▸ **WHAT TO WORK ON**: Output the lines of the records exactly, from the first through the one containing "24 year old Escort in Buffalo NY come get me". Omit all pictures.

▸ **PROVIDED RECORDS**:

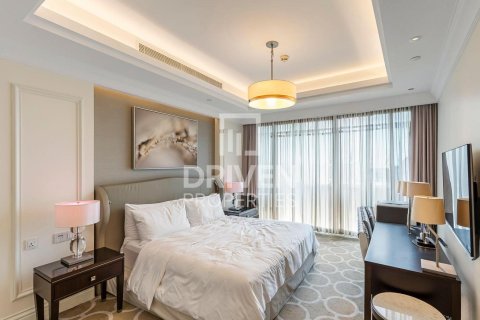 2 bedrooms Apartment in Downtown Dubai (Downtown Burj Dubai), UAE No. 193147 12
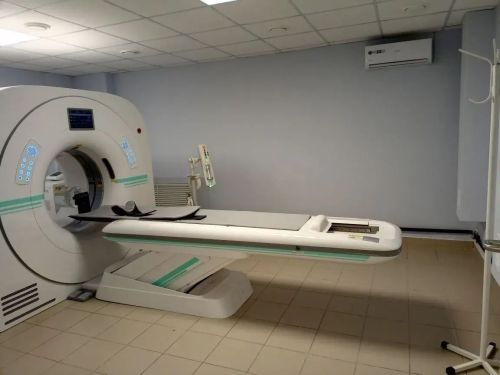 Зәйдә агымдагы елның мөһим объектларын карадылар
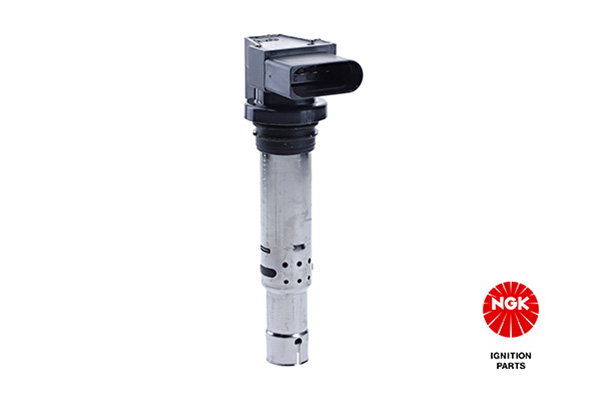 Bobine d'allumage - U5002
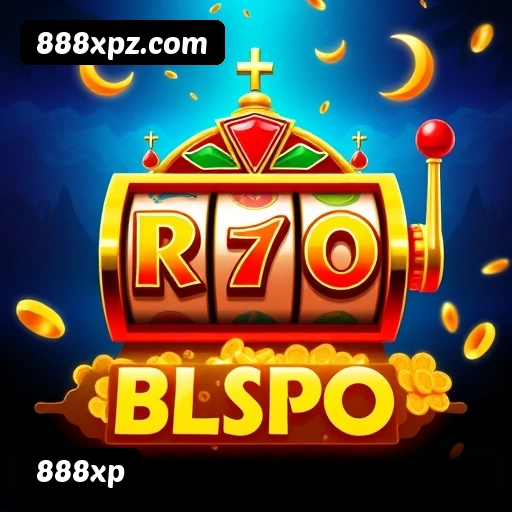 888xp Rio de Janeiro - Professional Dealers
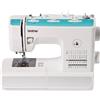 Brother Macchina da cucire meccanica Brother XT37 con 5 Anni di Garanzia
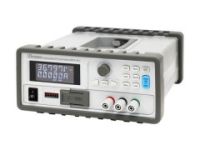 回收致茂6512可編程交流電源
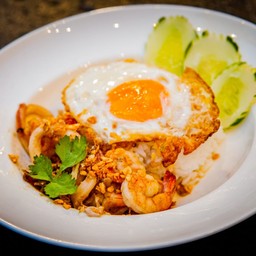 ทะเลกระเทียม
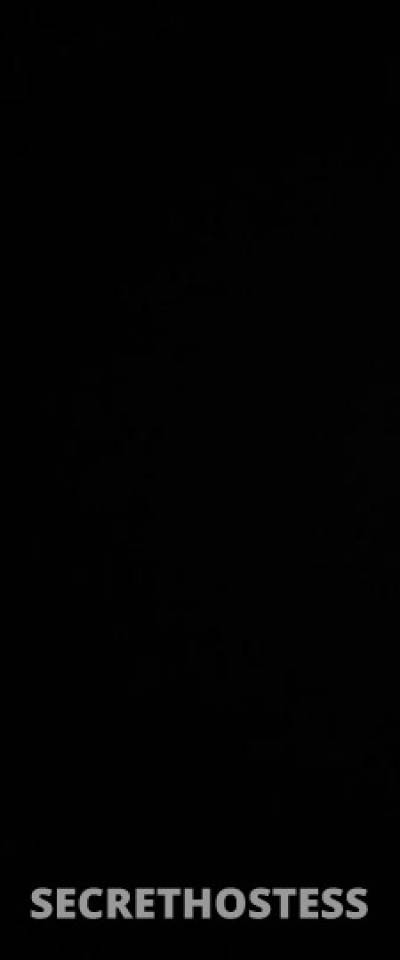 24 year old Escort in Buffalo NY come get me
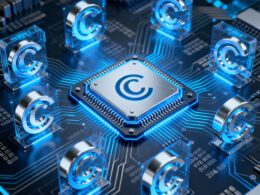 AI Copyright Dispute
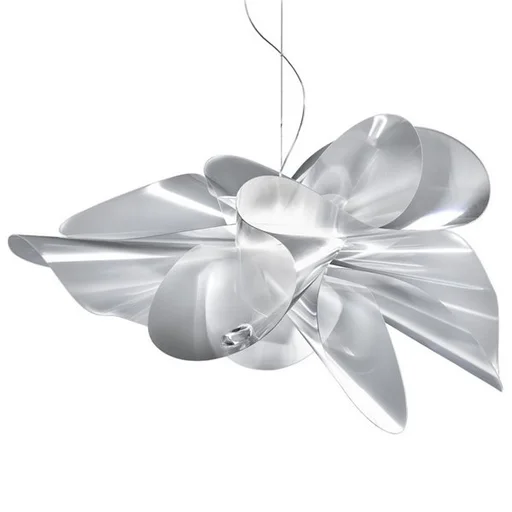 Купить Подвесной светильник Etoile LED Pendant в интернет-магазине roooms.ru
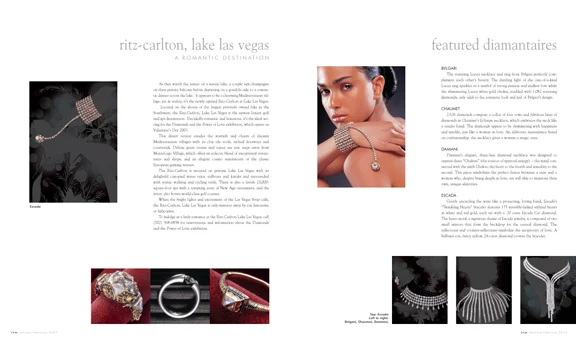 038 diamonds spread.jpg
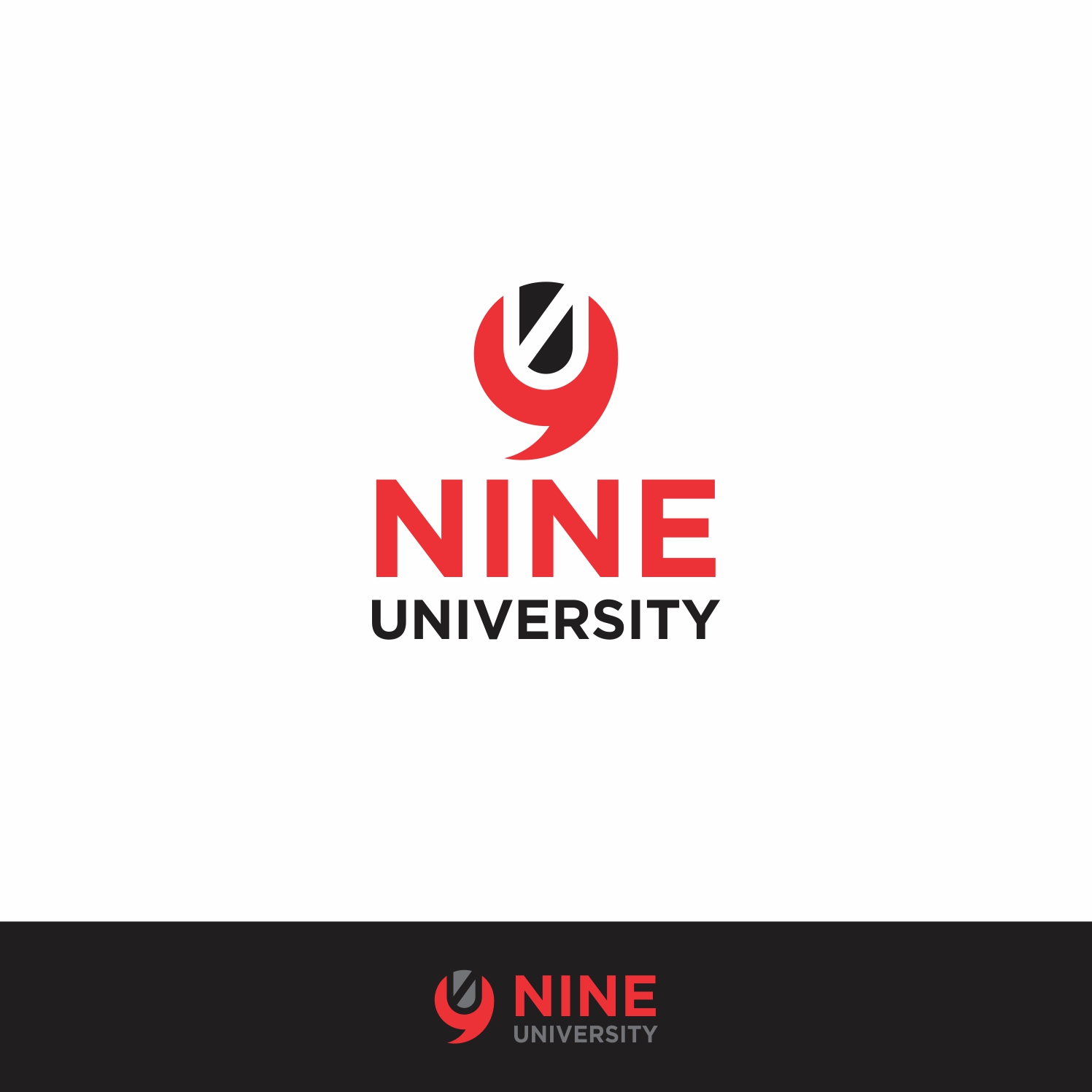 Logo-Design von Limecom für dieses Projekt | Design #21022273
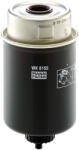 MANN Filtru combustibil Mann pentru John Deere Series 6010, 6020 (WK8155)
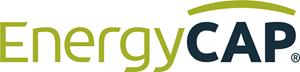 EnergyCAP Software W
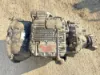 Picture of (Core) Volvo (AT), TRANSMISSION ASSEMBLY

▸ **SOLUTION**:
 2 bedrooms Apartment in Downtown Dubai (Downtown Burj Dubai), UAE No. 193147 12
 Зәйдә агымдагы елның мөһим объектларын карадылар
 Bobine d'allumage - U5002
 888xp Rio de Janeiro - Professional Dealers
 Brother Macchina da cucire meccanica Brother XT37 con 5 Anni di Garanzia
 回收致茂6512可編程交流電源
 ทะเลกระเทียม
 24 year old Escort in Buffalo NY come get me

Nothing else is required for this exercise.